We created a dictionary ```mmcif``` which contains 3 keys:

* **ATOM** records represent atoms that belong to standard polymer chains such as proteins and nucleic acids.

* **HETATM** records describe atoms from non-polymer molecules like ligands, metal ions (e.g., zinc), and solvent molecules (e.g., water).

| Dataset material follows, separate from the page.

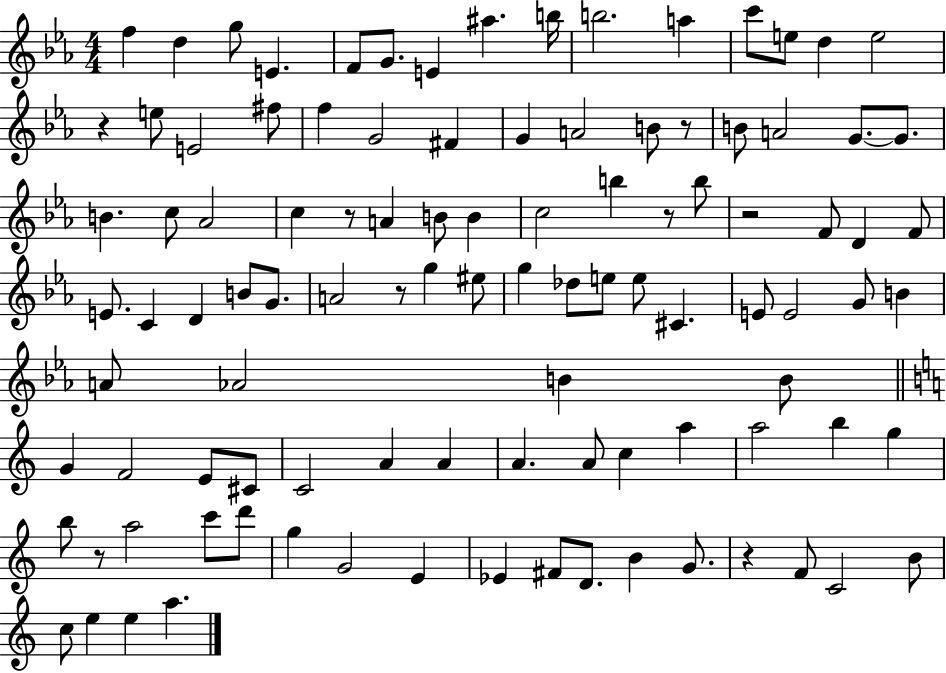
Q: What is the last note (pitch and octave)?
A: A5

* **ANISOU** records contain detailed information on atomic vibrations (anisotropic displacement parameters) derived from crystallography, which provide insight into atomic motion but are optional for most analyses.
Understanding these distinctions helps when filtering or visualizing structural components relevant to your study.

In [None]:
mmcif.df["ATOM"]

In [None]:
mmcif.df["HETATM"]

Spend some time exploring the tabular data visualization of this protein, and start imagining having to deal with several thousand of these files!

**Quiz:**

* Are there any solvent molecules present in that structure?
* How many amino acid is there in this protein? How about the number of heavy atoms? How about the number of chains?
* What does the "occupancy" column means? Why is this important?

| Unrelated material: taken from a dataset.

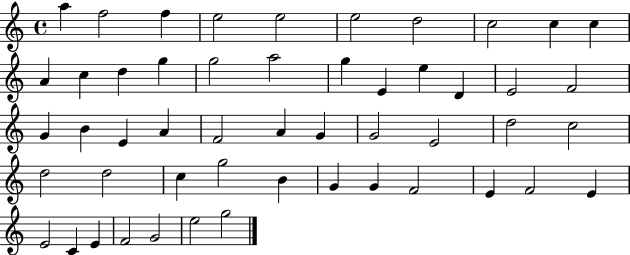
A5/q F5/h F5/q E5/h E5/h E5/h D5/h C5/h C5/q C5/q A4/q C5/q D5/q G5/q G5/h A5/h G5/q E4/q E5/q D4/q E4/h F4/h G4/q B4/q E4/q A4/q F4/h A4/q G4/q G4/h E4/h D5/h C5/h D5/h D5/h C5/q G5/h B4/q G4/q G4/q F4/h E4/q F4/h E4/q E4/h C4/q E4/q F4/h G4/h E5/h G5/h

Now, this is much more readable than the raw cif format, but it is not necessarily easy to get a feel of 3D data by looking at a table. Let's try adding some visualization to truly get a sense of what we are dealing with

## Visualizing proteins with py3Dmol



To do so, let's use the py3Dmol package created by the Koes group [see paper](https://doi.org/10.1093/bioinformatics/btu829)

In [None]:
import py3Dmol
view = py3Dmol.view(query=f'pdb:{pdb_id}')

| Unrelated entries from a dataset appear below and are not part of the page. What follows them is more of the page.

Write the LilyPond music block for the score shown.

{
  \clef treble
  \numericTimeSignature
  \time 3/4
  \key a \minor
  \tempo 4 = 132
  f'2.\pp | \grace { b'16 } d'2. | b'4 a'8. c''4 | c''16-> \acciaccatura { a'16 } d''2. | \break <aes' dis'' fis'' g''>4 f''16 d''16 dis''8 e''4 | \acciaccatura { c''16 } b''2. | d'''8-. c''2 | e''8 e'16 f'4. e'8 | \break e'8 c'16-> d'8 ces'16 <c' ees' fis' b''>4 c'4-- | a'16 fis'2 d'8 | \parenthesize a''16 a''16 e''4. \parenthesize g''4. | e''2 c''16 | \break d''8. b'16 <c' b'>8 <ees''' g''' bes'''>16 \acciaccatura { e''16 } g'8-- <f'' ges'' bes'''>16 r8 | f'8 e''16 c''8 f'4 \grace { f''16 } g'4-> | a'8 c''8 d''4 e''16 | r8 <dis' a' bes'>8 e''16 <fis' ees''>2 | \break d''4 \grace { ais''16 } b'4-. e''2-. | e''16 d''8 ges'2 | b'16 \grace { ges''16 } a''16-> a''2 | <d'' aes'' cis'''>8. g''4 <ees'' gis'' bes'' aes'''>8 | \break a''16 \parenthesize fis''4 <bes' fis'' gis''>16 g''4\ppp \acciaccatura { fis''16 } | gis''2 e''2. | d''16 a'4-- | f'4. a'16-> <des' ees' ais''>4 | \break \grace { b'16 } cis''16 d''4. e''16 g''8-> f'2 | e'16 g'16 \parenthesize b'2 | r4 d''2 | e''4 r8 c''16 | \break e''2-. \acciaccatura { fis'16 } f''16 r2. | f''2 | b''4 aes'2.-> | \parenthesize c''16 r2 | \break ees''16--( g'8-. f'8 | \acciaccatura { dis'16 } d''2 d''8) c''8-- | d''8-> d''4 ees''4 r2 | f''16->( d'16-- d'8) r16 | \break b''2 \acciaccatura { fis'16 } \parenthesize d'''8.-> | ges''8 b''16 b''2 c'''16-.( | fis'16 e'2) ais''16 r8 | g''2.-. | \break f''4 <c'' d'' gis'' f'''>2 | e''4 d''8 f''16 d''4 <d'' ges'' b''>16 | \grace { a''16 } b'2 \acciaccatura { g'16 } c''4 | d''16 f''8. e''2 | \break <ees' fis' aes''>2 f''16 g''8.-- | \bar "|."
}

# Set the style, we have to add separate visualizations for the hetero atoms
view.setStyle({'cartoon':{'color':'spectrum'}})
view.addStyle({'atom': 'ZN'}, {'sphere': {'color': 'grey', 'radius': 1.5}})
view.addStyle({'resn': 'HOH'}, {'sphere': {'color': 'red', 'radius': 0.5}})
view.show()

Let's exclude the water molecules from our visualization from now on. It's important to know they are here due to the experimental nature of the structure, but it hinders our visualization. On top of that, let's add a few small changes to how we're doing the rendering to see more.

In [None]:
view = py3Dmol.view(query=f'pdb:{pdb_id}')
view.setStyle({'cartoon': {'color':'spectrum'}})
view.addStyle({'atom': 'ZN'}, {'sphere': {'color': 'grey', 'radius': 1.5}})
view.addSurface(py3Dmol.VDW,{'opacity':0.7,'color':'white'}, {'not': {'resn': 'HOH'}})
view.show()

**Quiz:**

* What does having solvent molecules within the crystal imply when modeling protein-ligand interactions?
* Another interesting thing about this protein structure is the 2 Zn ions it has. Can AlphaFold2 handle that type of atoms? If not, what are the potential consequences of this missing feature?